> _Exercise aim_
Print the listing below word for word, but drop any pictures it contains.
Segment Start: Provided data
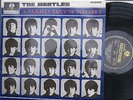 THE BEATLES A HARD DAY'S NIGHT PARLOPHONE PMC 1230 YELLOW BLACK LABEL RARE VINYL
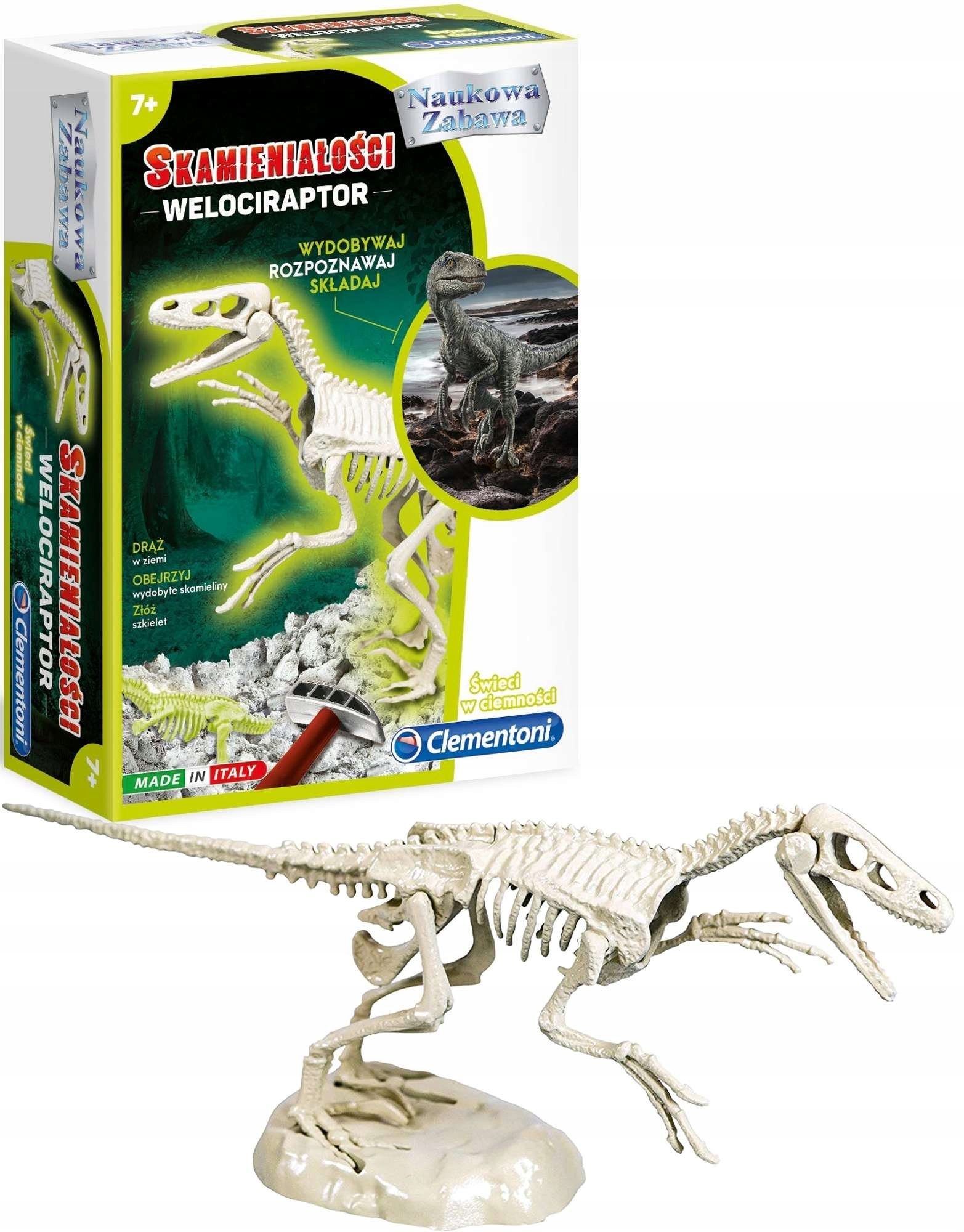 Clementoni - Archéo Ludic Jurassic World - Velociraptor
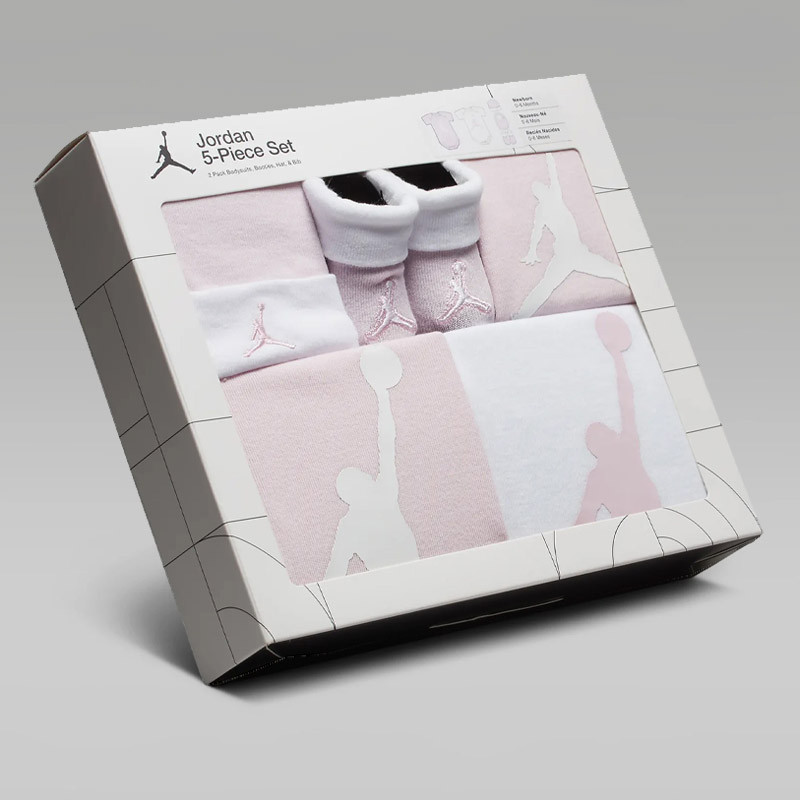 Jordan Core 5-piece birth set for baby (Girl) - Pink Foam
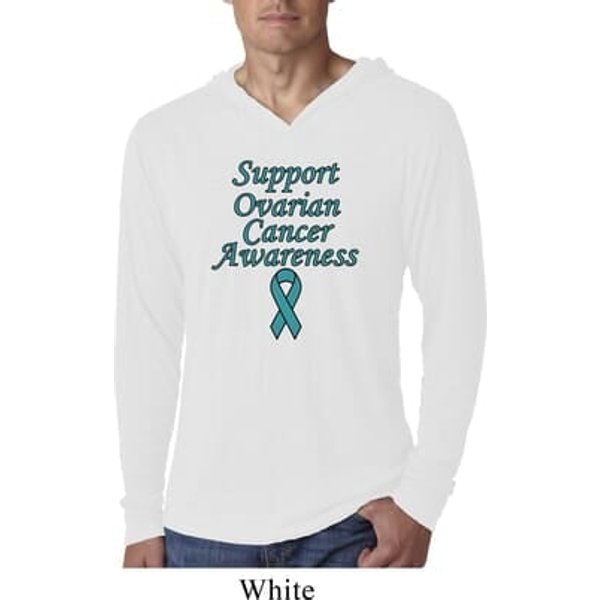 Support Ovarian Cancer Awareness Lightweight Hoodie Tee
Segment End: Provided data
> _Completed task_
 THE BEATLES A HARD DAY'S NIGHT PARLOPHONE PMC 1230 YELLOW BLACK LABEL RARE VINYL
 Clementoni - Archéo Ludic Jurassic World - Velociraptor
 Jordan Core 5-piece birth set for baby (Girl) - Pink Foam
 Support Ovarian Cancer Awareness Lightweight Hoodie Tee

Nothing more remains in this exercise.